THE DATA
════════════════
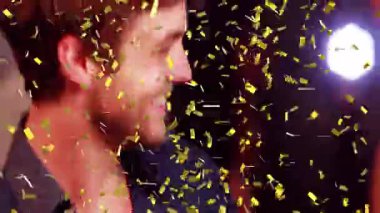 Altın konfeti ilgi odağı olurken kadının kollarını kaldırması olay pazarlama görsellerini artırıyor. Kutlama, şenlik, cazibe, coşku, sevinç, parti, dinamik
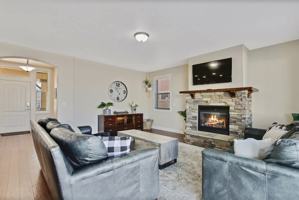 featured image of 4631 N Adale Ave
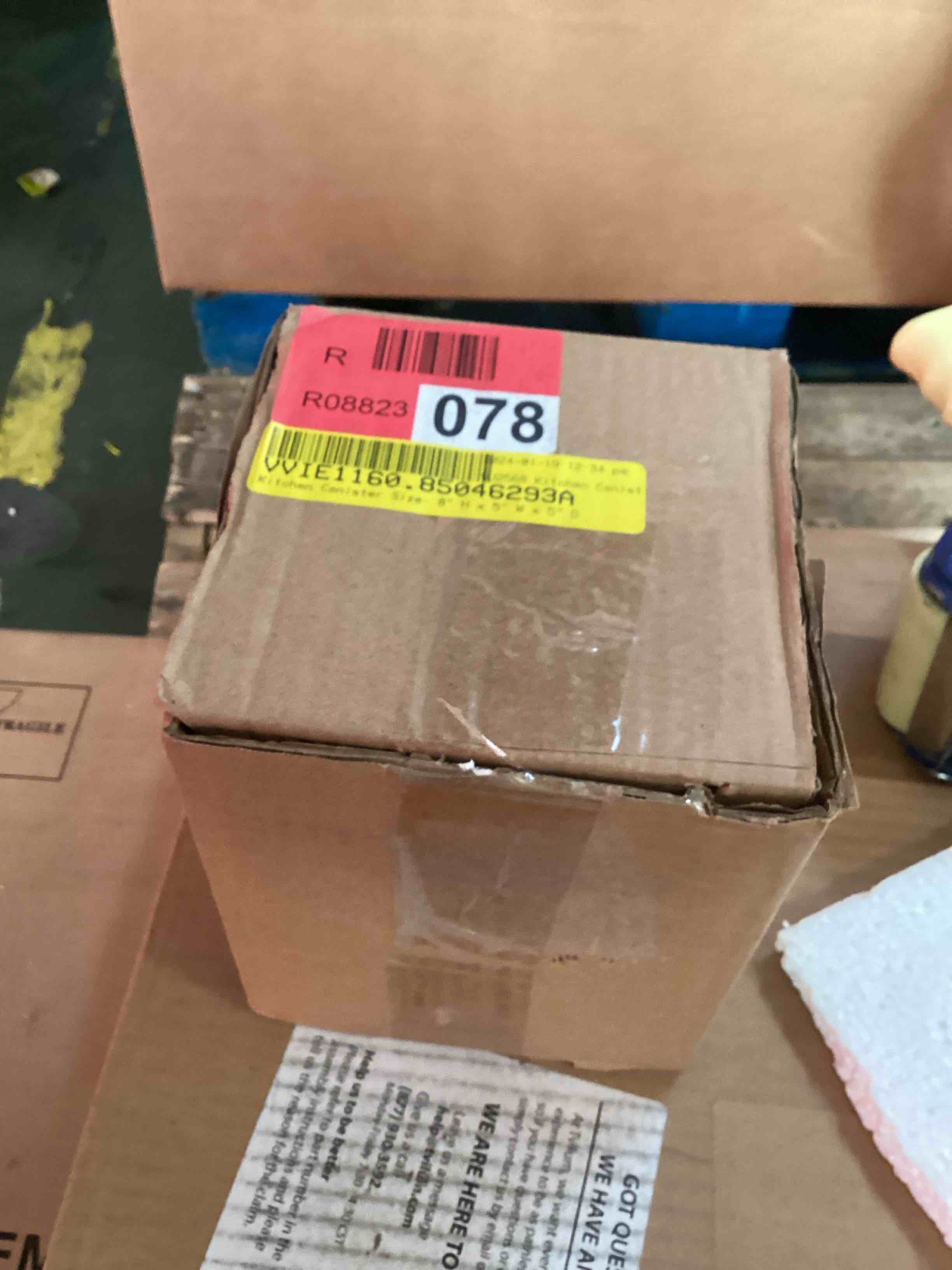 https://s3.amazonaws.com/lotting-images-prod/bidfta/GRA1970059_1740749452359.jpeg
════════════════
ACTION ITEM
Only the lines from the one containing "featured image of 4631 N Adale Ave" to the end of the listing belong in the answer, exactly as they stand and with no pictures.

TASK ANSWER
 featured image of 4631 N Adale Ave
 https://s3.amazonaws.com/lotting-images-prod/bidfta/GRA1970059_1740749452359.jpeg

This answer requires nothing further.